There are certainly a lot of factors to consider, and obviously even more unknowns. I can only go on the the patterns we've seen.
For instance, I use a 60fps metric. Just like performance dx12 may bring, perhaps we will all quickly adopt some form of adaptive sync making that moot. As it currently sits though, I personally can only draw from the worst-case/lowest common denominator, as nothing else is currently widely applicable.
So it's a risky move, if the 14nm production technology is not going well you are in deep shit.
"Arctic Islands" is a fun name, but why exactly does everyone think the cards will be so much cooler? Heat transfer from a surface is a function of the area, when looking at a simplistic model of a chip. When you decrease the manufacturing size by half, you lose 75% of the surface area. Yes, you'll also have to decrease voltage inside the chip, but if you look at a transistor as a very poor resistor you'll see that power = amperage * voltage = amperage^2 * resistance. To decrease the power flowing through the transistor, just to match the same thermal limits of the old design, you need to either half the amperage or quarter the resistance. While this is possible, AMD has had the tendency to not do this.
HBM is interesting as a concept, but we're still more than 8 months from seeing anything using it. Will AMD or Nvidea use the technology better, I cannot say. I'm willing to simply remain silent until actual numbers come out.
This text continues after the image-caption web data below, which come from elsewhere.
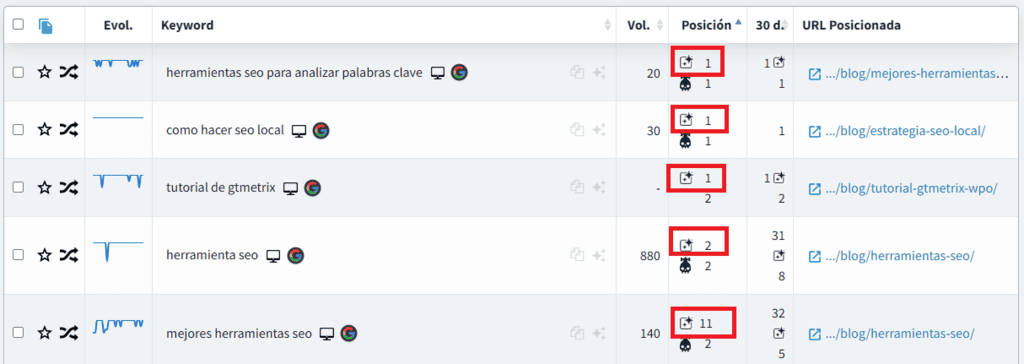 Google AI Overviews en el tracking de posiciones de DinoRANK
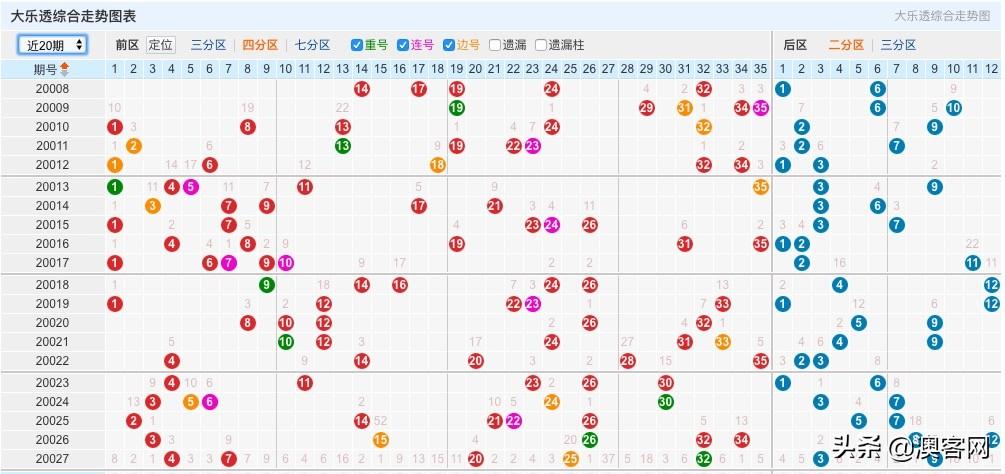 澳门一肖与精准预测，探索数字背后的奥秘澳门一肖一码澳门澳门资料大全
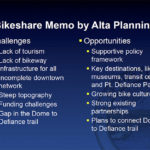 **UPDATE** Bikeshare Planning Study briefing Jan. 13 at Tacoma City Hall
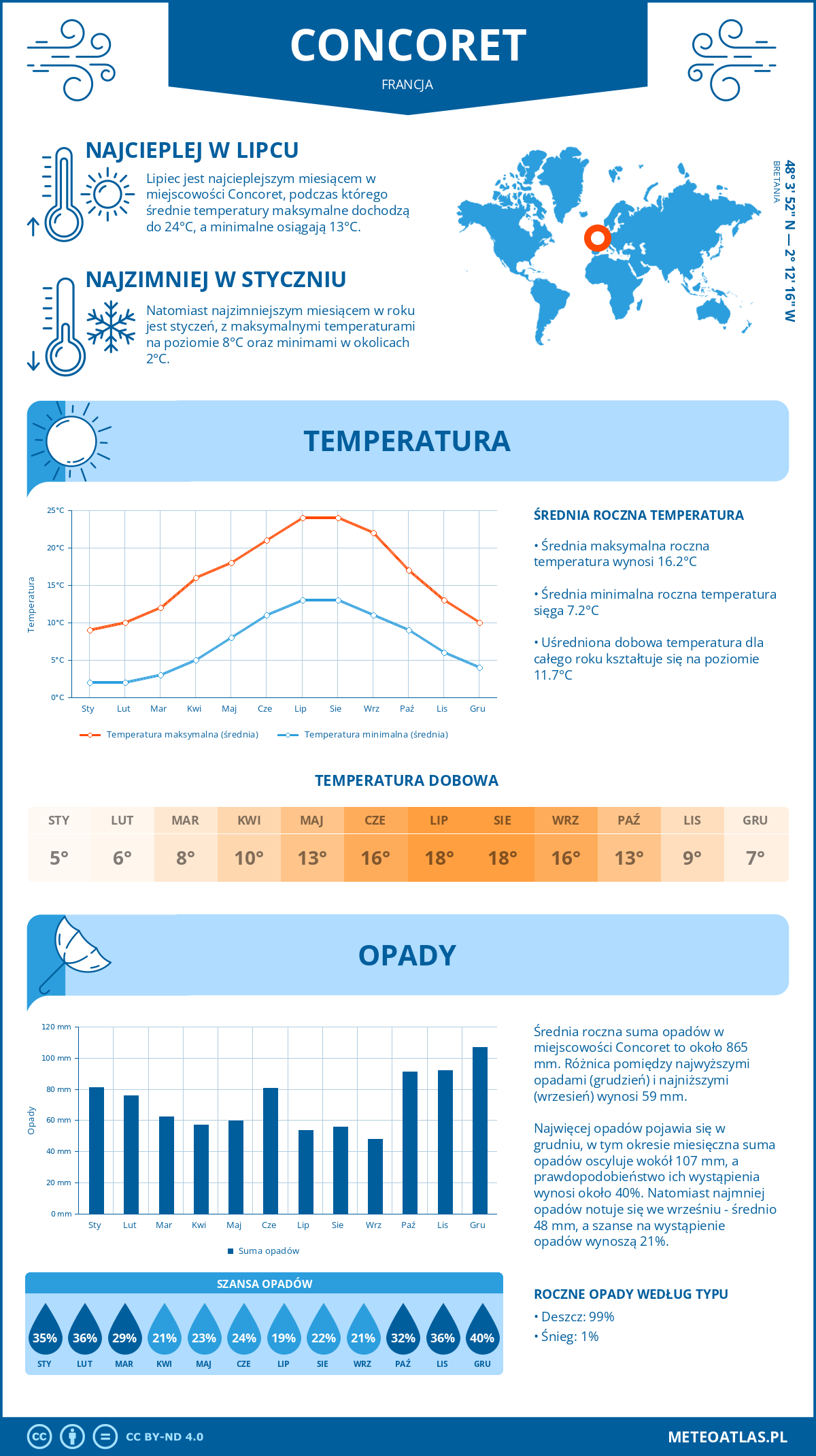 Infografika: Concoret (Francja) – miesięczne temperatury i opady z wykresami rocznych trendów pogodowych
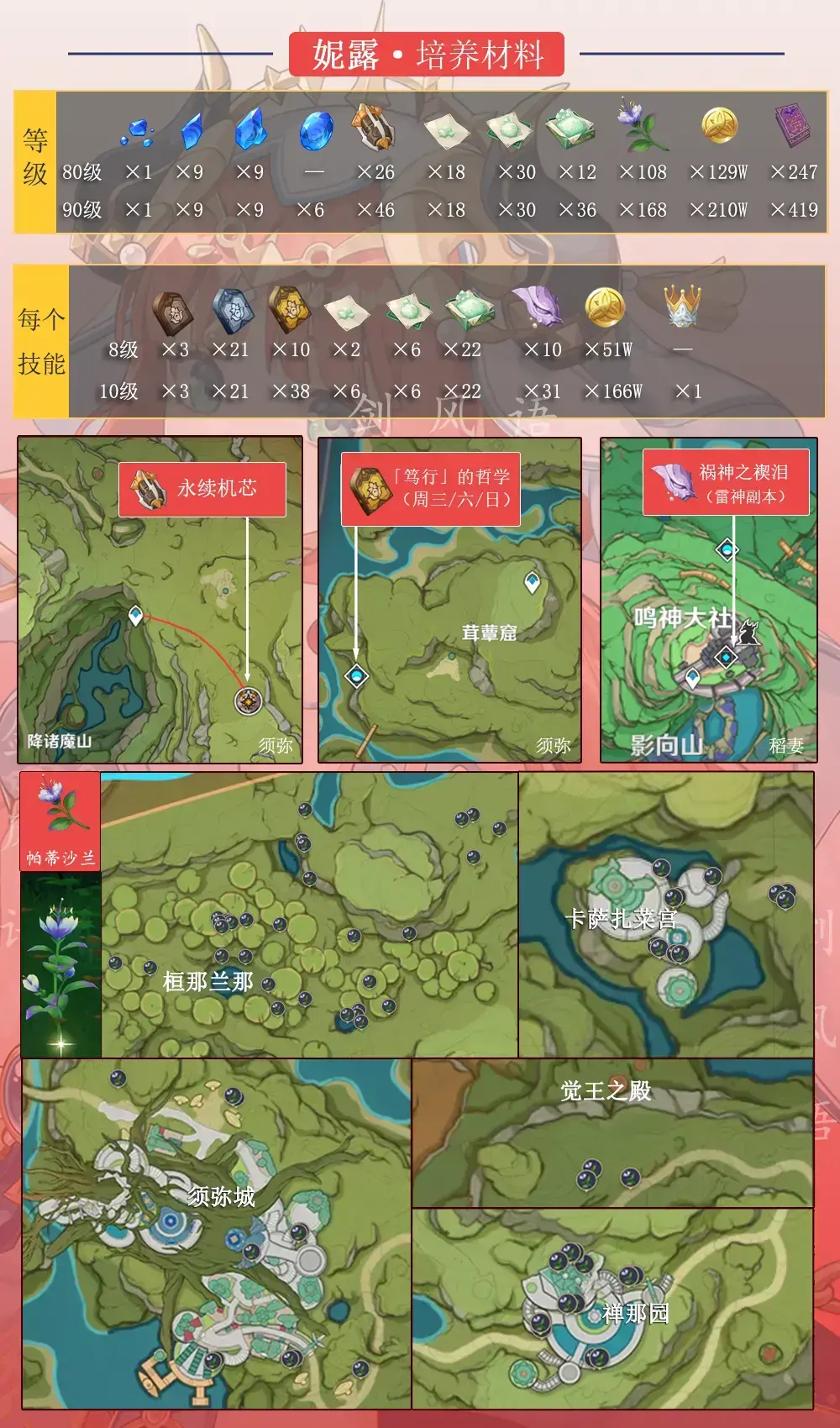 原神：妮露卡池角色分析，妮露材料提前准备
Any speculation about a completely unproven technology are just foolish.
TL;DR:
All of this discussion is random speculation. People are arguing about things that they've got no business arguing about. Perhaps, just once, we can wait and see about the actual performance, rather than being disappointed when our wild speculations doesn't match with what we actually get. I'm looking forward to whatever AMD offers, because it generally competes with Nvidea on some level, and makes sure GPU prices aren't ridiculous.
At this point, them skipping it was inevitable as it was not good for high end performance. Lets just hope 14nm is a great success in the distant future.
AMD knows that they currently have a reputation for designing GPUs that run too hot and use too many watts for the same performance as an Nvidia GPU. I'm not saying they deserve that reputation but it does exist. Over and over I see people citing those two reasons as why they won't buy an AMD card. As far as the extra watts used it doesn't amount to anything much on an electricity bill for an average gamer playing 15-20 hours a week unless you live in an area where electricity is ridiculously expensive or you're running your card at max 24/7 for Folding or Mining. For me the difference would be about 8 cents a month on my power bill between a reference GTX 780 Ti (peak 269 watts) and a reference R9 290X (peak 282 watts) from W1zzard's reviews based on the last generations flagship cards. Even if AMD used 100 watts more than Nvidia it still wouldn't amount to much. 65 cents a month difference at 10 cents per kWh.
AMD is already the brunt of many jokes about heat/power issues. I don't think they would add fuel to the fire by releasing a hot inefficient GPU and calling it Arctic Islands.
Maxwell is good, and saving while gaming is commendable, but the "vampire" load during sleep compared to AMD ZeroCore is noteworthy over a months' time.
I ask why Apple went with the AMD Tonga for their iMac 5K Retina display? Sure it could’ve been either Apple/Nvidia just didn’t care to or need to "partner up". It might have been a timing thing, or more the spec's for GM206 didn’t provide the oomph, while a GTX 970M (GM204) wasn't the right fit spec's/price for Apple.
Still business is business and keeping the competition from any win enhances one's "cred". Interestingly, we don’t see that Nvidia has MXM version of the GM206?
For R9 285 being a "gelding" from such a design constrained process it came away fairly respectable.